I will likely query Harlequin with my Regency Romance soon. Can anyone give me an insiders info. on them, or experiences with that company? I appears gigantic, or at least it serves so many sub-genres it appears to be.


----------



## Raging_Hopeful (Aug 12, 2011)

As far as I understand it, it IS gigantic. I would venture to say it is one of the largest romance publishers out there. That being said, I would imagine they receive a HUGE amount of unsolicitied MS. Do you have an agent or have you considered trying to have one represent you? With dealing with the large publishers, I have heard favorable comments about having a good agent who knows his or her stuff. They can also, sometimes, get your work read by certain contacts they may have within such a large publishing company. 

I don't know much about the romance genre but those are just my general publishing thoughts. Good luck!


----------



## Cat Laurelle (Aug 12, 2011)

Maybe I'll do more research on getting an agent? I just have zero funds to contribute and have no idea if they as for money up-front to represent a person like me who is a first time seller?


----------



## Raging_Hopeful (Aug 12, 2011)

Uhhh NO. In fact, if an agent asks you for money, run far away. The Writer's Market (book) is a great reference guide to getting an agent and what to look out for. Also, utilize the Predators and Editors website (Preditors & Editors) which will tell you reviews and provide information on the reputation of Agents and Editors that might be less than honest. 

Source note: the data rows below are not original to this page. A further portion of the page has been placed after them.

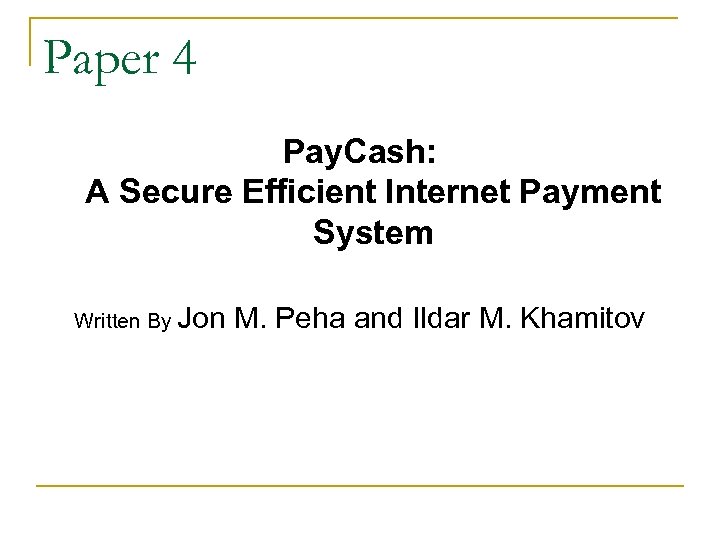 Paper 4 Pay. Cash: A Secure Efficient Internet Payment System Written By Jon M.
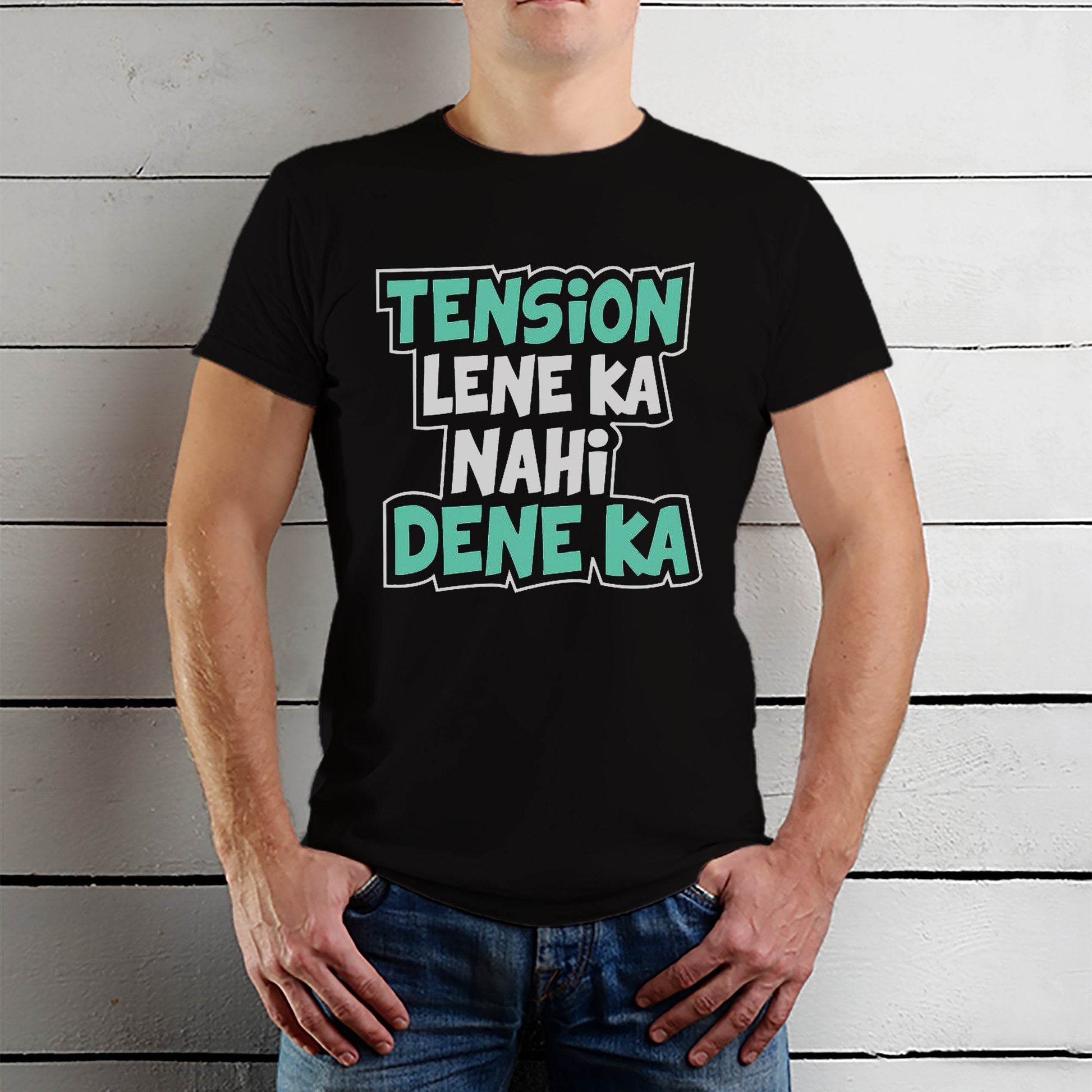 TENSION LENE KA NAHI DENE KA - Unisex Round Neck Regular Fit 100% Combed Cotton Half Sleeve T-Shirt - Mojilo Mart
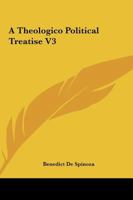 A Theologico Political Treatise V3 1162650559 Book Cover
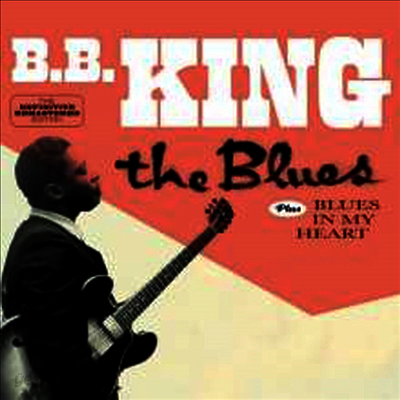 B.B. King - The Blues/Blues In My Heart (Remastered)(2 On 1CD)(CD)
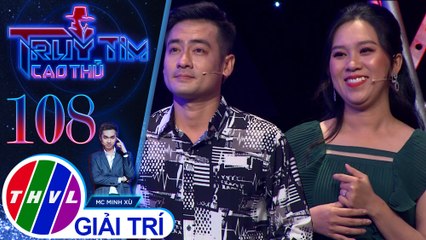 Long Hồ - Hồng Phượng cùng nhau bước vào Vòng lộ diện của Truy tìm cao thủ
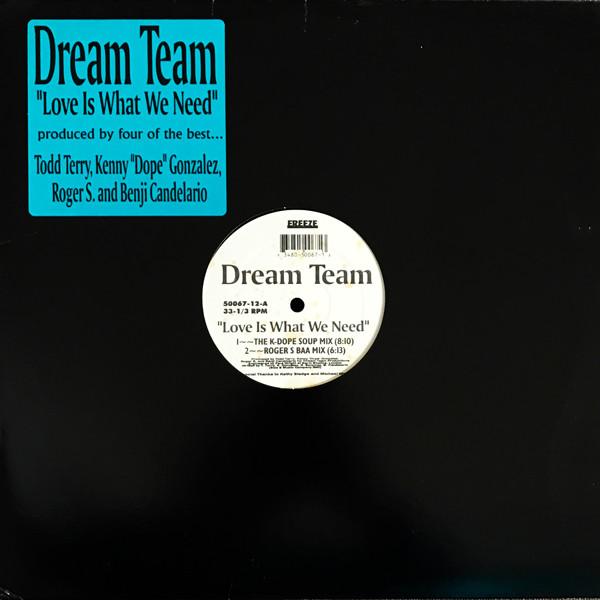 Dream Team (3) - Love Is What We Need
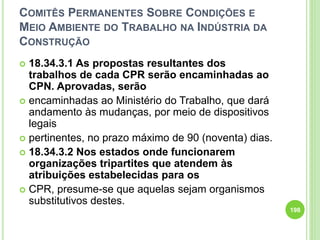 COMITÊS PERMANENTES SOBRE CONDIÇÕES E
MEIO AMBIENTE DO TRABALHO NA INDÚSTRIA DA
CONSTRUÇÃO
 18.34.3.1 As propostas resultantes dos
trabalhos de cada CPR serão encaminhadas ao
CPN. Aprovadas, serão
 encaminhadas ao Ministério do Trabalho, que dará
andamento às mudanças, por meio de dispositivos
legais
 pertinentes, no prazo máximo de 90 (noventa) dias.
 18.34.3.2 Nos estados onde funcionarem
organizações tripartites que atendem às
atribuições estabelecidas para os
 CPR, presume-se que aquelas sejam organismos
substitutivos destes.
198
 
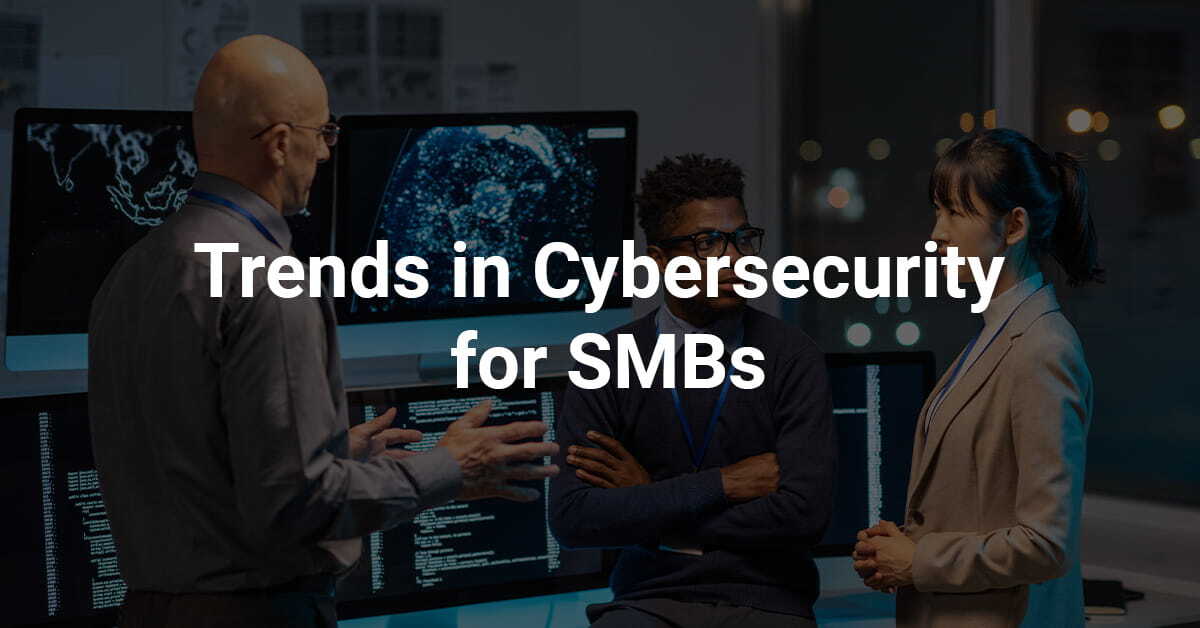 Trends in Cybersecurity for SMBs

Having an agent seems to be in one's best interest, as long as they are a good one. Again, lots of research and read up on how to land an agent.


----------



## Cat Laurelle (Aug 12, 2011)

Thanks for telling me? How easy is it to get someone to represent you? Do they just want to see exerpts of your work and then consider you or your whole resume? I had a media only focused one that included my freelance journalism, and volunteer radio show producing.


----------



## Raging_Hopeful (Aug 15, 2011)

Every agent is different. They will likely want to know your _writing _resume but many are willing to represent unpublished authors if they see potential in the work. The Writers Digest book I suggested lists agents and their expectations as far as what to send them. A likely format will be a query letter, a synopsis, any writing credits you have, and a portion of your work. They rarely ask for the entire MS up front. They can determine from the first chapter or so whether they want to represent it. But again, every agent is different and it will require research and careful consideration on your part. Agents are NOT required, you can query many big publishers without one but it seems it has led to success for many people. Also networking is important, meeting people who can pass your work on is helpful too. That can be done at writing conferences and the like.


----------



## Cat Laurelle (Aug 15, 2011)

Yep, thanks, I'm here to network and learn.


----------